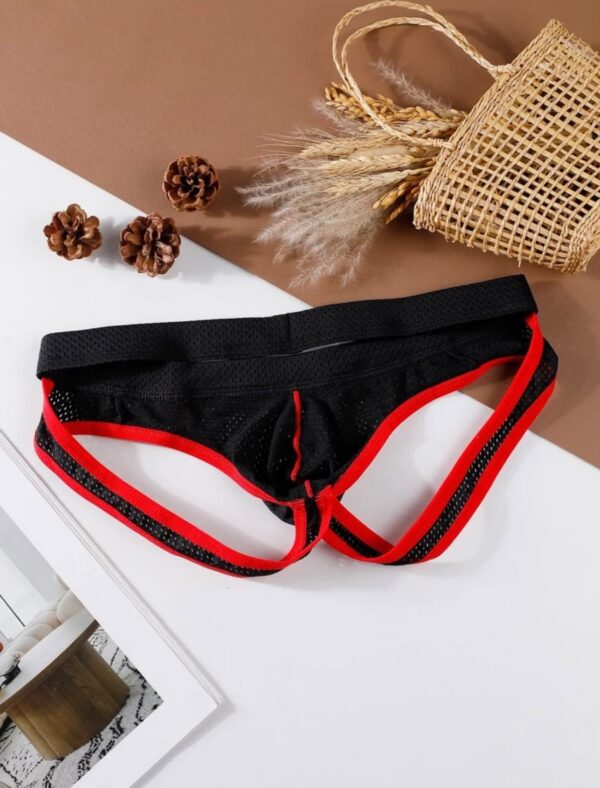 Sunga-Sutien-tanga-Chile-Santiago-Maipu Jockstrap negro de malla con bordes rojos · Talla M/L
* * *
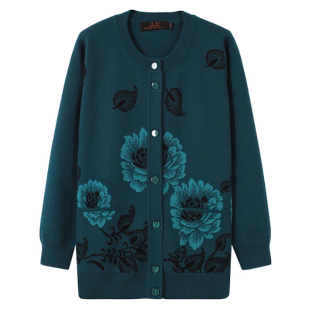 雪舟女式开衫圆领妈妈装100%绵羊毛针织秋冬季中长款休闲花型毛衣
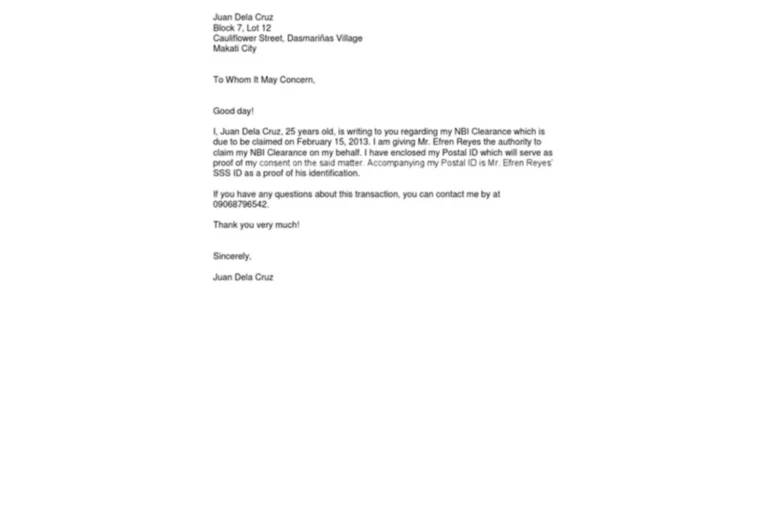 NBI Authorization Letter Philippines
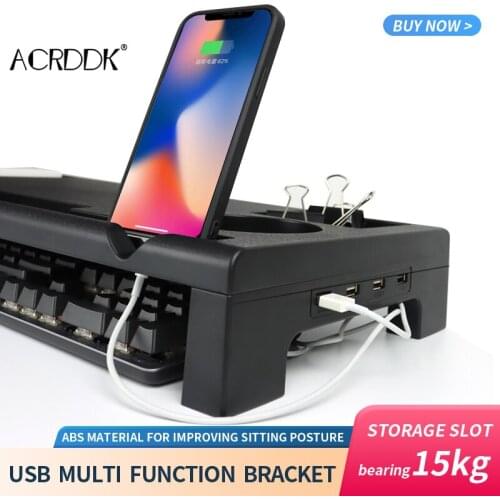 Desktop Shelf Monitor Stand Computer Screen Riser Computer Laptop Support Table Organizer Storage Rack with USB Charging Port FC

_Work order_. Output should consist of the lines above from the one with "雪舟女式开衫圆领妈妈装100%绵羊毛针织秋冬季中长款休闲花型毛衣" down to the one with "Desktop Shelf Monitor", exact and without pictures.

_Task answer_.
 雪舟女式开衫圆领妈妈装100%绵羊毛针织秋冬季中长款休闲花型毛衣
 NBI Authorization Letter Philippines
 Desktop Shelf Monitor Stand Computer Screen Riser Computer Laptop Support Table Organizer Storage Rack with USB Charging Port FC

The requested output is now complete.